YOUR INSTRUCTIONS: Only one stretch of lines is wanted: the line with "Collier croix de" through the final line of the material. Restate it word for word, minus pictures.

MATERIAL FOR THE TASK:
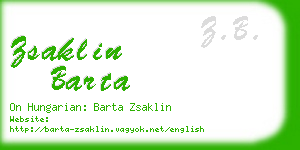 zsaklin barta business card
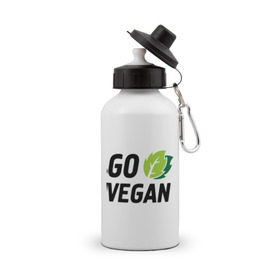Бутылка спортивная с принтом Go vegan в Кировске, металл | емкость — 500 мл, в комплекте две пластиковые крышки и карабин для крепления | go | vegan | будь | веган | вегетарианец | здоровье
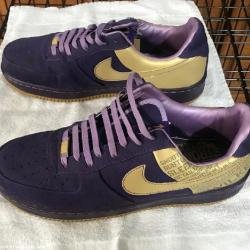 Purple and Gold NIKE Basketball Shoes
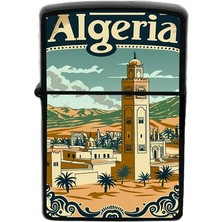 İberk Cezayir - Algeria - Hand-Paint Ülke Temalı Benzinli Siyah Çakmak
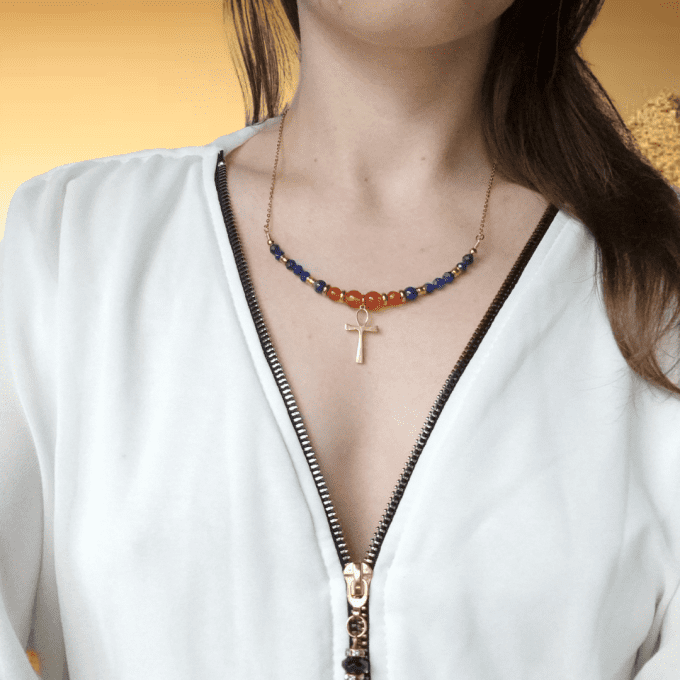 Collier croix de vie Lapis-lazuli & Cornaline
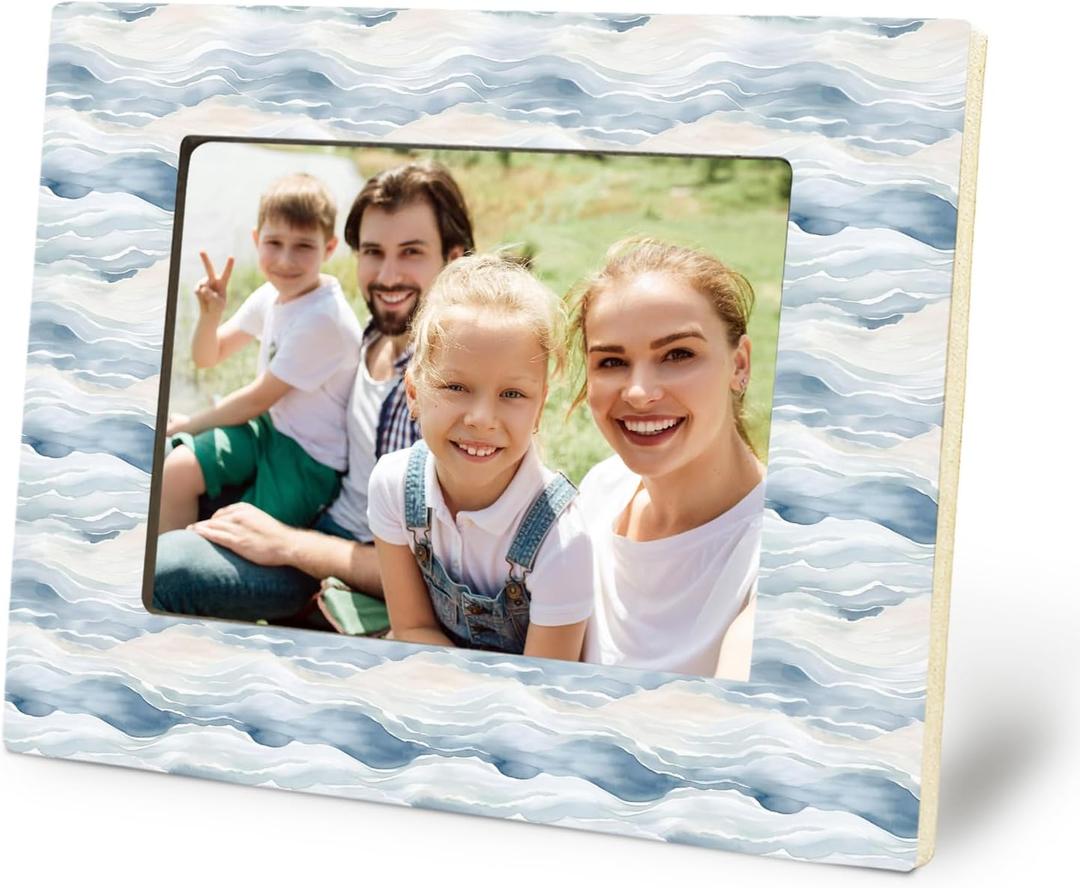 Blue Waves Picture Frame 4x6, Gifts for Ocean Beach Lovers,Sea Waves Ocean Picture Photo Frames for Beachy House Desk Tabletop Shelf Wall Display Decoration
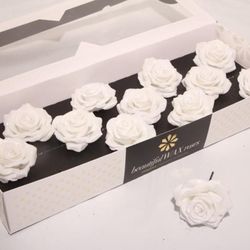 Seiden Wachs Rose weiss Diamond d10cm (767)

FINISHED TASK:
 Collier croix de vie Lapis-lazuli & Cornaline
 Blue Waves Picture Frame 4x6, Gifts for Ocean Beach Lovers,Sea Waves Ocean Picture Photo Frames for Beachy House Desk Tabletop Shelf Wall Display Decoration
 Seiden Wachs Rose weiss Diamond d10cm (767)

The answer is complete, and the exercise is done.